> Task instructions: Working from the records below, return word for word the line that contains "41 Duncombe Road, Narangba QLD 4504" and each line after it, ending with the last. Skip all pictures.

> Data to process:
>>>>
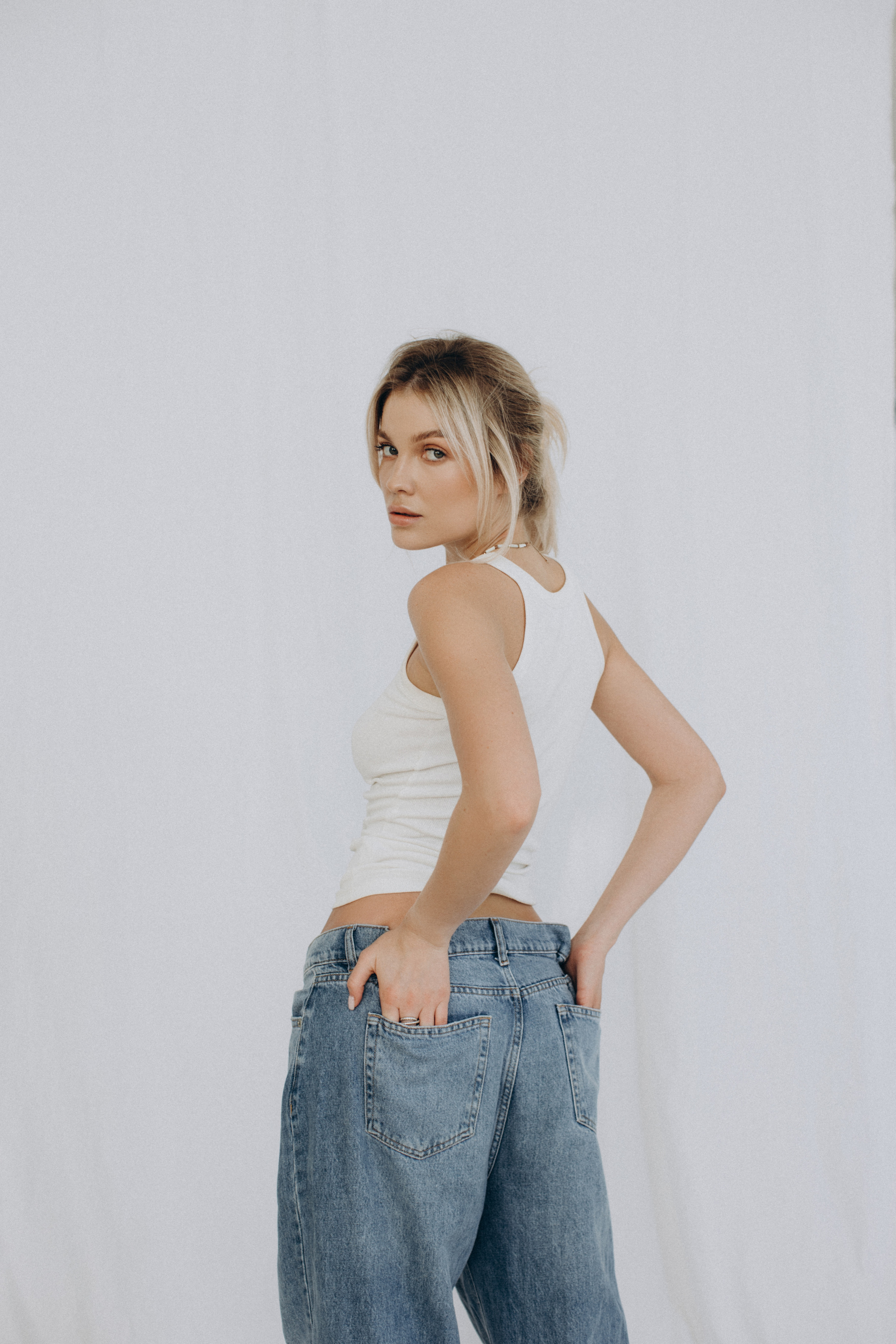 Лера. Свадебный фотограф Волгоград | Тарасова Светлана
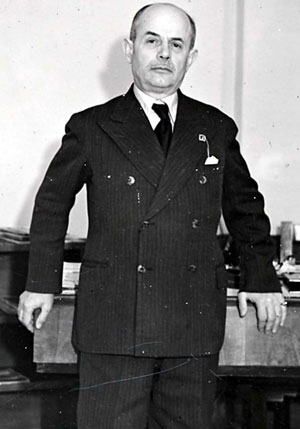 Dhimiter Beratti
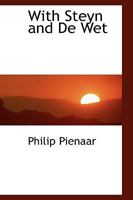 With Steyn and De Wet 1021411698 Book Cover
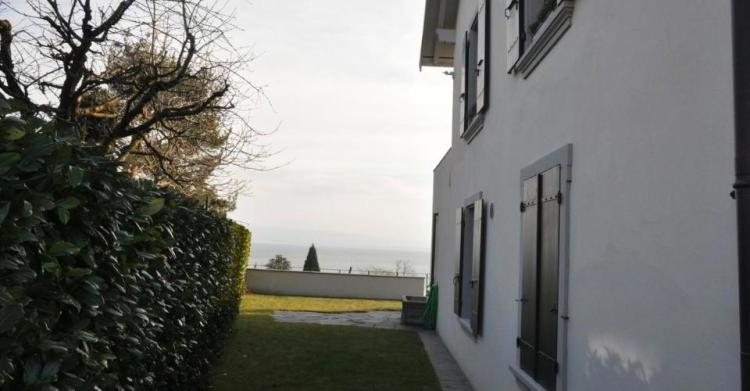 Appartement 2.5 pièces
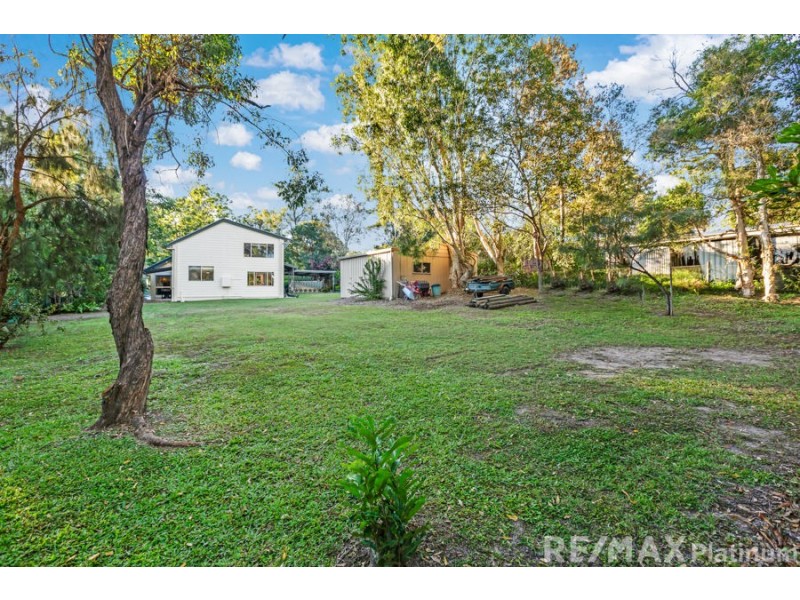 41 Duncombe Road, Narangba QLD 4504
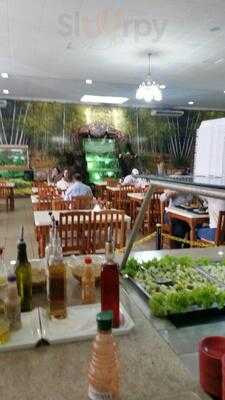 Restaurante Nippon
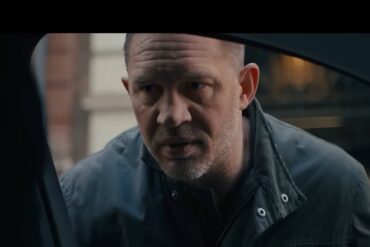 Tom Hardy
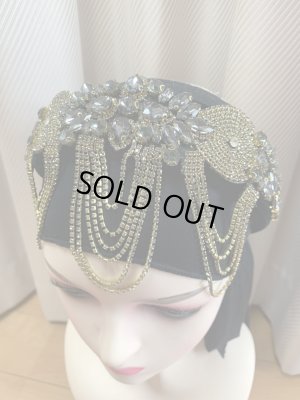 画像2: アワーレム、オリエンタルに！キラキラカチューシャ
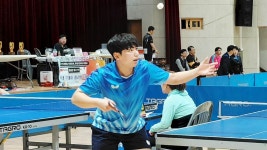 제22회 영양 일월산배 전국오픈탁구대회 스케치 및 대회결과(2026.4.11~4.12) - ▶회원자유게시판 - 경북탁구협회 경북탁구협회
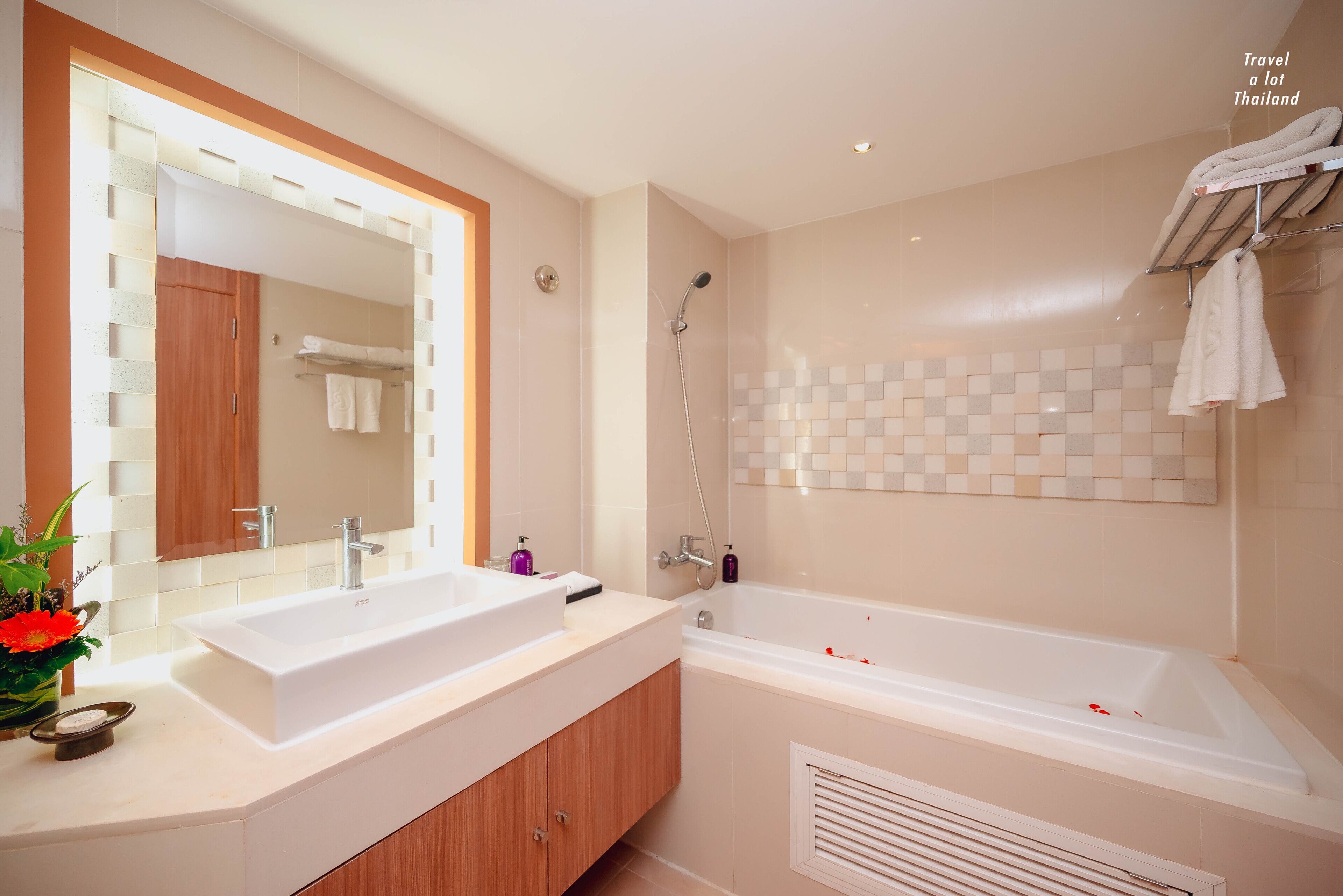 Photo - Centara Pattaya Hotel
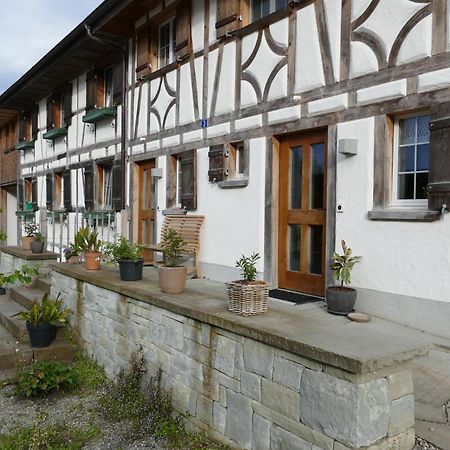 Family Landhaus Birwinken Berg Eksteriør bilde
<<<<
> Exercise response:
 41 Duncombe Road, Narangba QLD 4504
 Restaurante Nippon
 Tom Hardy
 画像2: アワーレム、オリエンタルに！キラキラカチューシャ
 제22회 영양 일월산배 전국오픈탁구대회 스케치 및 대회결과(2026.4.11~4.12) - ▶회원자유게시판 - 경북탁구협회 경북탁구협회
 Photo - Centara Pattaya Hotel
 Family Landhaus Birwinken Berg Eksteriør bilde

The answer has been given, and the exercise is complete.